Oakham ales’ Inferno (4.4% abv) lends five different hops from the Yakima Valley – the first American viticultural area (!). The label boasts that the golden ale creates a floral aroma and a unique flavour promising “complex fruits across your tongue, leaving a dry, fruity, bitter finish, smothering your thirst.”
I can imagine writing a review “review” (as I understand my last incurred very little related review material) at 6 a.m. after having awoken 1.5 hours ago is possibly not the best condition to be writing and drinking about beer.
The bottle dresses in a fiery label of reds and yellows surrounded by a fading black border. It actually looks similar to something I could have designed in MS paint (and my skills are somewhat limited).

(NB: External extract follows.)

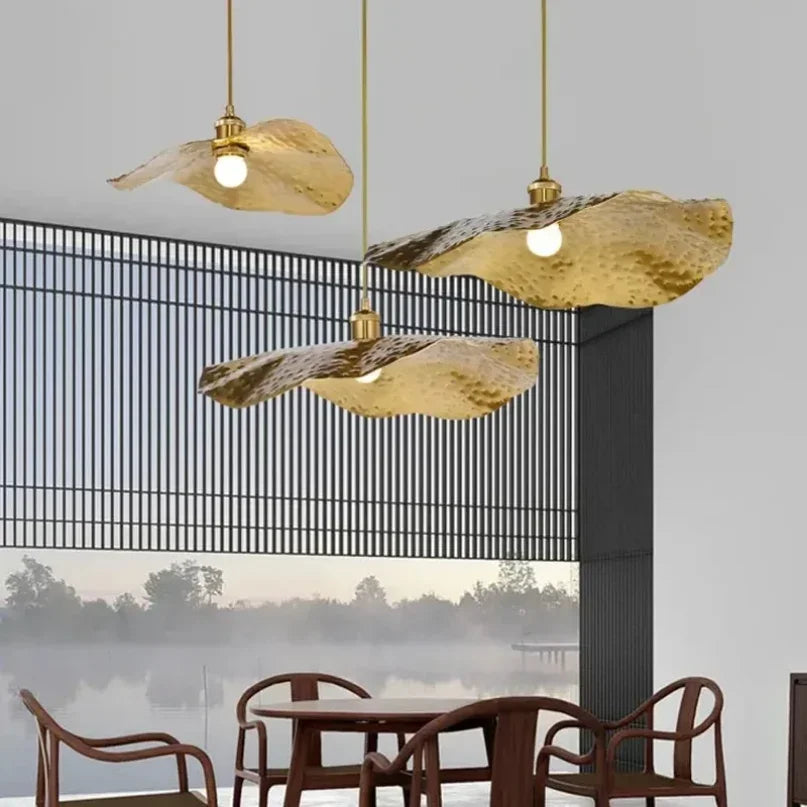 Hammered Gold Metal Pendant Light Aelindor – Lifestyle View 4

Although, under the “I” of “INFERNO” I’m pretty certain I can see a couple of pterodactyls 😉
It smells of dark, wild fruits and it has something else underlyingly cynical in the smell though I can’t say it makes an effort to infiltrate my nostrils. The bottle’s brown glass secrets the surprise of the golden, musky, opaque liquid within. From how I pour it there sits 1cm of foam, which blankets the tiny dark bubbles that soothingly rise. It strangely calms and mesmerises me, though that could well be because I’m entering into a state of delirium.
Onto the taste, I promise I won’t stare at it all morning (and oh gosh, yes please!)

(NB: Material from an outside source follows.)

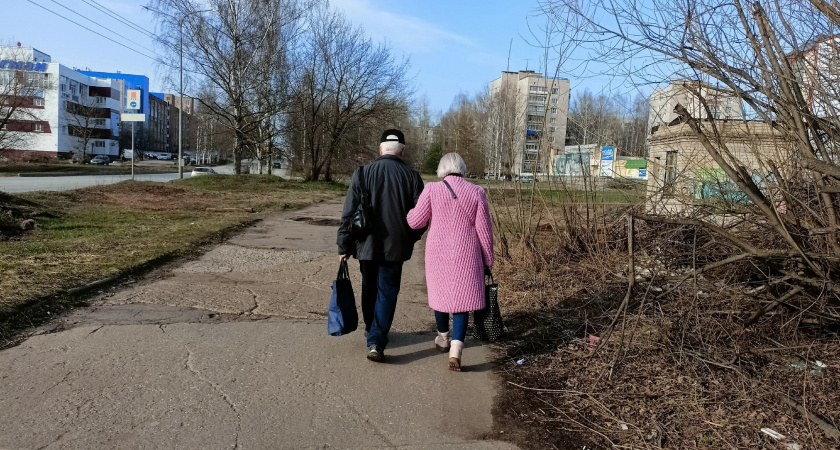Тысячам пенсионеров Кировской области назначили надбавку за стаж в одной сфере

…Ooh, well that was not the taste I have been expecting. It has no impacting flavour, almost foresty with a thin yet soapy density. It offers a heavy, bitter, slightly numbing blanket to your tongue. I enjoy bitter and although it is one of my most preferred taste sensations I’d also enjoy the use of my tongue for other tastes in future.
Over half way through the pint and its character hasn’t evolved for better nor worse. I still struggle to break through the bitter wall and in doing so I start to get highlights of sweet and salty. It has taken me an embarrassingly long while to drink the ale and throughout I have had none of the promised complex fruit flavour. You’re more like the club Infernos in Clapham than what you should be as an ale. No offence.
I should probably move onto coffee and have a siesta.